## [Exercise details]
Write exactly, with no line omitted or added, the span beginning at the line that holds "watercolor drawing of" and ending at the last line of the records.

## [Information supplied]
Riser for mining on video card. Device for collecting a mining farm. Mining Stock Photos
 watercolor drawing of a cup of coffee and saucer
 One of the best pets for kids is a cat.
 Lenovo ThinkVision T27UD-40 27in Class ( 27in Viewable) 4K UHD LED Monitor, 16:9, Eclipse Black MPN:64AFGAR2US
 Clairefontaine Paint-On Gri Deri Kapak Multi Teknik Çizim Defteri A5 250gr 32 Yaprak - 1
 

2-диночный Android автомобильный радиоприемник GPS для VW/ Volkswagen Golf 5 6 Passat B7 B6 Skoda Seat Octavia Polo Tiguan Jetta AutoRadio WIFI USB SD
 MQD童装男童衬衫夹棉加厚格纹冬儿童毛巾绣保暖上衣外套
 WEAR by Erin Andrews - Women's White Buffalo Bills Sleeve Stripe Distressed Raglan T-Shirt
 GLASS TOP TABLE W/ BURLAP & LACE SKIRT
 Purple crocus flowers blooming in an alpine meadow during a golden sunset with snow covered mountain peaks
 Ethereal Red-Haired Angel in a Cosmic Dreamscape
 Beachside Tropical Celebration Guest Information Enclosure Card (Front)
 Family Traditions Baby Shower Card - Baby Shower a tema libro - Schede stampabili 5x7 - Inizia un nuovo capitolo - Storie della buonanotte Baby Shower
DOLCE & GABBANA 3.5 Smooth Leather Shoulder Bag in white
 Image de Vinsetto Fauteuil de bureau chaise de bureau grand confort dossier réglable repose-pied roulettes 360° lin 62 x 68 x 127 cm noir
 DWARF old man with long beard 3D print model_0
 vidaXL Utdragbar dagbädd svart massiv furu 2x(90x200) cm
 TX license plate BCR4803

## [Answer to the exercise]
 watercolor drawing of a cup of coffee and saucer
 One of the best pets for kids is a cat.
 Lenovo ThinkVision T27UD-40 27in Class ( 27in Viewable) 4K UHD LED Monitor, 16:9, Eclipse Black MPN:64AFGAR2US
 Clairefontaine Paint-On Gri Deri Kapak Multi Teknik Çizim Defteri A5 250gr 32 Yaprak - 1
 

2-диночный Android автомобильный радиоприемник GPS для VW/ Volkswagen Golf 5 6 Passat B7 B6 Skoda Seat Octavia Polo Tiguan Jetta AutoRadio WIFI USB SD
 MQD童装男童衬衫夹棉加厚格纹冬儿童毛巾绣保暖上衣外套
 WEAR by Erin Andrews - Women's White Buffalo Bills Sleeve Stripe Distressed Raglan T-Shirt
 GLASS TOP TABLE W/ BURLAP & LACE SKIRT
 Purple crocus flowers blooming in an alpine meadow during a golden sunset with snow covered mountain peaks
 Ethereal Red-Haired Angel in a Cosmic Dreamscape
 Beachside Tropical Celebration Guest Information Enclosure Card (Front)
 Family Traditions Baby Shower Card - Baby Shower a tema libro - Schede stampabili 5x7 - Inizia un nuovo capitolo - Storie della buonanotte Baby Shower
DOLCE & GABBANA 3.5 Smooth Leather Shoulder Bag in white
 Image de Vinsetto Fauteuil de bureau chaise de bureau grand confort dossier réglable repose-pied roulettes 360° lin 62 x 68 x 127 cm noir
 DWARF old man with long beard 3D print model_0
 vidaXL Utdragbar dagbädd svart massiv furu 2x(90x200) cm
 TX license plate BCR4803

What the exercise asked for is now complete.